• de Charles PERRAULT

     

      Il était une fois un homme qui avait de belles maisons à la ville et à la Campagne, de la vaisselle d'or et d'argent, des meubles en broderie, et des carrosses tout dorés ; mais par malheur cet homme avait la Barbe bleue : cela le rendait si laid et si terrible, qu'il n'était ni femme ni fille qui ne s'enfuît de devant lui.
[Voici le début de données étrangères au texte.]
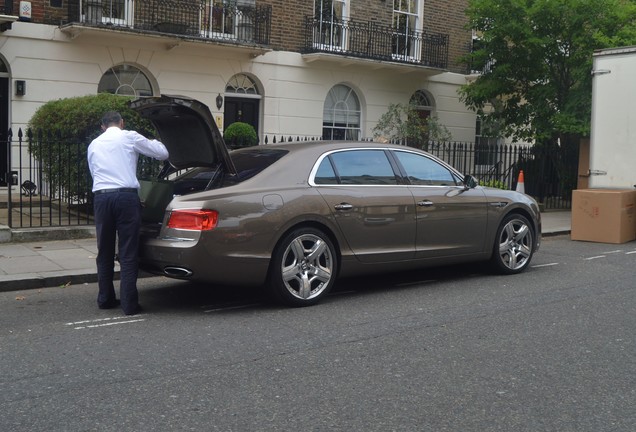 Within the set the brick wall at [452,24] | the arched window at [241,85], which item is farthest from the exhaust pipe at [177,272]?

    Une de ses Voisines, Dame de qualité, avait deux filles parfaitement belles. Il lui en demanda une en Mariage, et lui laissa le choix de celle qu'elle voudrait lui donner. Elles n'en voulaient point toutes deux, et se le renvoyaient l'une à l'autre, ne pouvant se résoudre à prendre un homme qui eût la barbe bleue. Ce qui les dégoûtait encore, c'est qu'il avait déjà épousé plusieurs femmes, et qu'on ne savait ce que ces femmes étaient devenues. La Barbe bleue, pour faire connaissance, les mena avec leur Mère, et trois ou quatre de leurs meilleures amies, et quelques jeunes gens du voisinage, à une de ses maisons de Campagne, où on demeura huit jours entiers. Ce n'était que promenades, que parties de chasse et de pêche, que danses et festins, que collations : on ne dormait point, et on passait toute la nuit à se faire des malices les uns aux autres; enfin tout alla si bien, que la Cadette commença à trouver que le Maître du logis n'avait plus la barbe si bleue, et que c'était un fort honnête homme.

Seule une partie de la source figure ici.